Eric contacted Father Hesburgh who was anxious to hear about his plans for social work in South America. Eric met him at his office and had a nice person-to-person conversation with him. As a result Father Hesburgh helped fund Eric’s trip either from his personal funds or from some related account.
Bottom line: Father Hesburgh loved the students and wanted to help them in their work to make the world a better place. Eric went on to join the Peace Corps and spent over two years in Nicaragua. He returned home and got a masters in social work and is now a principal in a low-income school in St. Paul with many Hispanic and Southeast Asian students.”

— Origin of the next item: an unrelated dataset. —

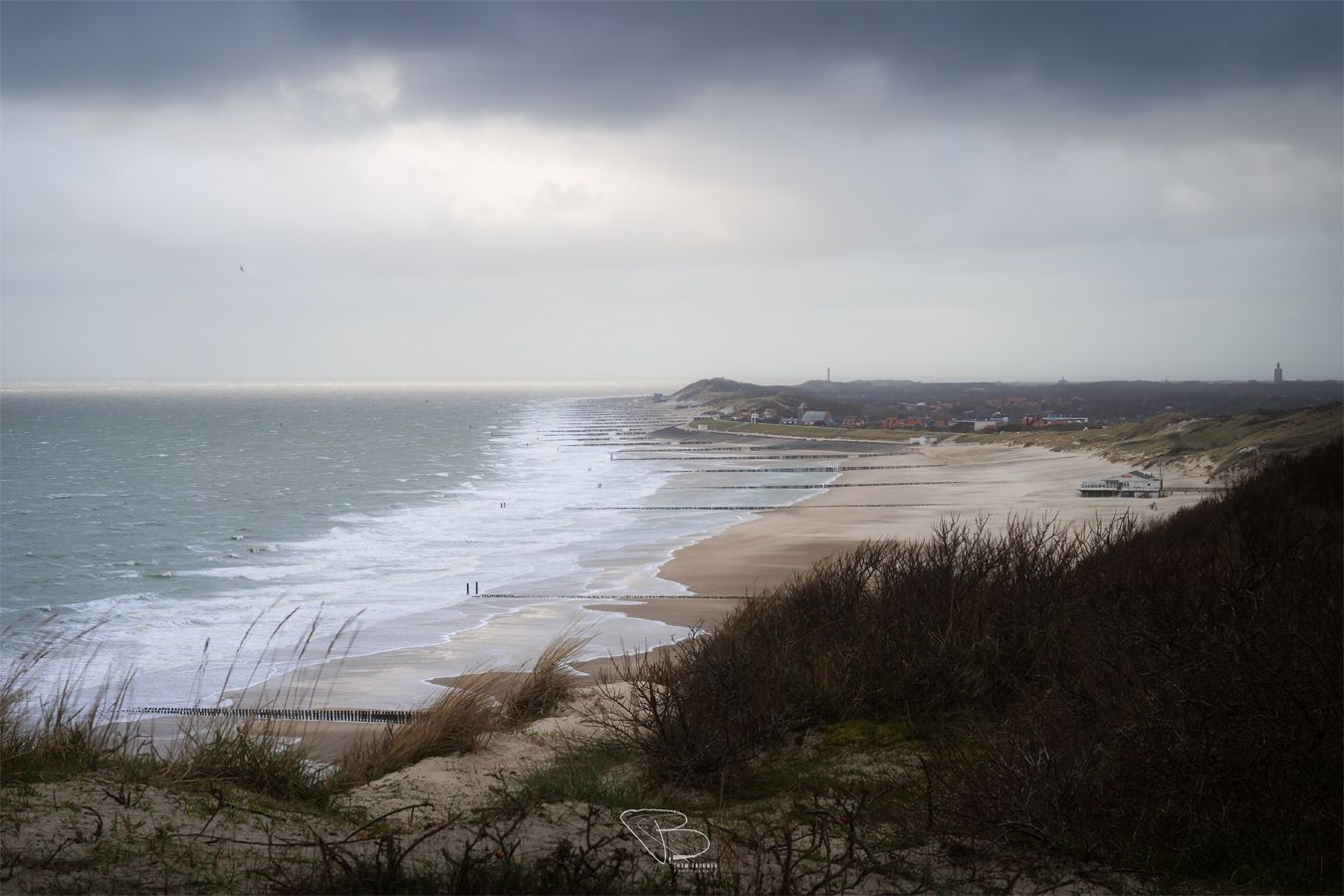 Zicht op Zoutelande vanuit duinen Valkenisse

– Keith Bradley (’66, track & field)
“I was fortunate to have Father Hesburgh as my freshman hall rector in Farley Hall in 1948. It was Father Ted (at our senior prom dance) who told me and my future wife of 61 years that I was awarded the Byron V. Kanaley student-athlete award. I was a fencer not a football player. I know he was responsible for my getting the award. I never got to say ‘Thank you, Father’. Now I have.”

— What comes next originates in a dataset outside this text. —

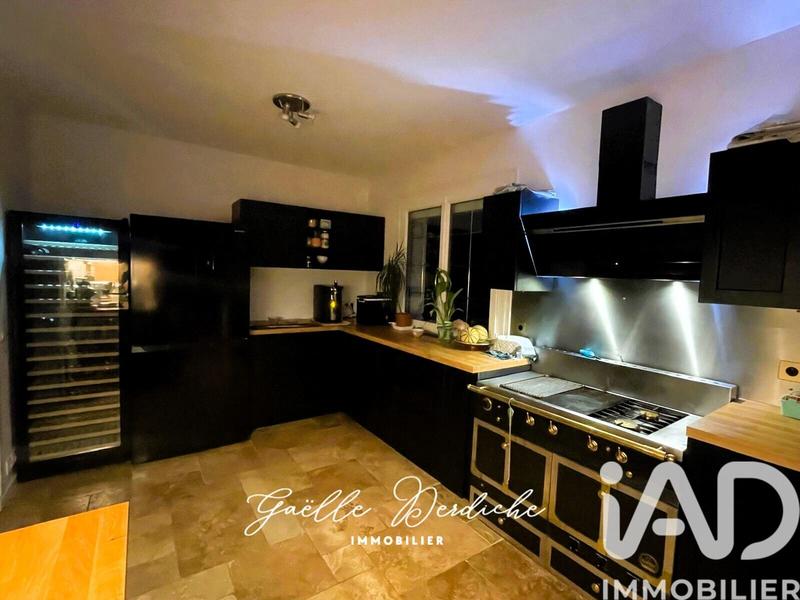 Maison - 210 m² - 6 pièces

– Jim Walsh (‘52, fencing)
“One of the many facets that make the legacy of Father Ted so extraordinary was how much time he spent with the countless, everyday people he encountered and the impact he made on them. I had such an experience in August of 1957. My parents had driven me to Notre Dame for my senior year and the start of football practice as a student manager. As we walked toward the campus, a black Oldsmobile pulled up alongside of us, and the driver asked where we were going – it was Father Ted. When he heard that we were heading to Sacred Heart Basilica for Mass, he not only offered a ride, but asked if we would like to join him for a private Mass in the crypt of Sacred Heart. It was so special to have Father’s Mass dedicated to my mom and dad, who made it possible for me to attend Notre Dame. Father Ted touched our lives with a forever memory of his thoughtfulness. Thank you Father Ted. Rest in peace.”
– Marty Allen (’58, student manager)
“During my time at Notre Dame, I saw Father Ted from afar on many occasions. However, I did have one opportunity to meet him up close and personal.

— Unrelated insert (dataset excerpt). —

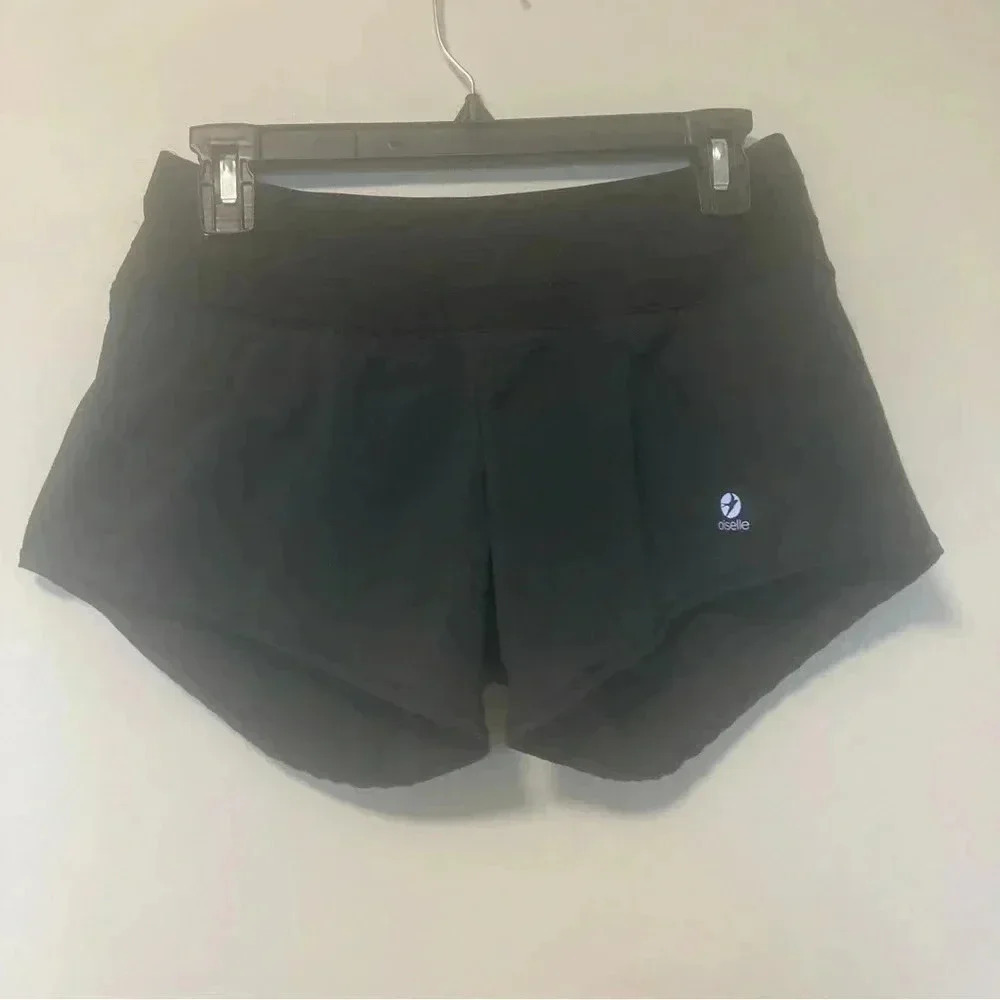 Oiselle  black shorts with integrated underwear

I was flying back from a med school interview in Philadelphia, and I was running late and barely made it to the plane before they closed the doors. I took my aisle seat, but didn’t even have time to look around before the plane took off. As we hit cruising altitude, I looked to my left and noticed that the man sitting beside me was wearing black trousers; glancing a little higher, I noticed that he was also wearing a black shirt and black jacket – a priest! Finally, I turned completely to face him, and realized that it was Father Ted! In the middle seat! In coach!
Flabbergasted, I introduced myself and we had a nice chat on the way back to South Bend. When we arrived back in South Bend, Father Ted offered me a ride back to campus, but as I had already made arrangements for friends to pick me up, I declined (my friends told me I was nuts!). Still amazed that a university president, and one of the most famous priests in the country, would be flying back home the same way as a student – what a humble man!”
– Tim Heilmann (’79, manager)
“My freshman year, 1982, I was at the bookstore in December to buy a book written by Father Hesburgh for my mother for Christmas. As I’m standing in line at the cash register, who should walk into the bookstore but Father Ted himself. Of course he didn’t know who I was, but I stepped out of line and walked over to him, introduced myself as a Notre Dame freshman, and asked him to sign the book for my mother. I figured just his signature would be magical for my mother, but Father Ted took five minutes to not only sign the inside cover, but to write a few sentences and talk with me about my early experiences at Notre Dame. After our conversation, as he was walking to get whatever he came to the bookstore to get, I just shook my head in amazement at how much time Father Ted bothered to take with a freshman like me who he didn’t even know to write some nice words to my mother he obviously didn’t know. For Father Ted, that was just another way of doing the little things to make someone feel special at Notre Dame; for me, it remains one of my most treasured moments of my four years at Notre Dame, and represents what Notre Dame really is all about.”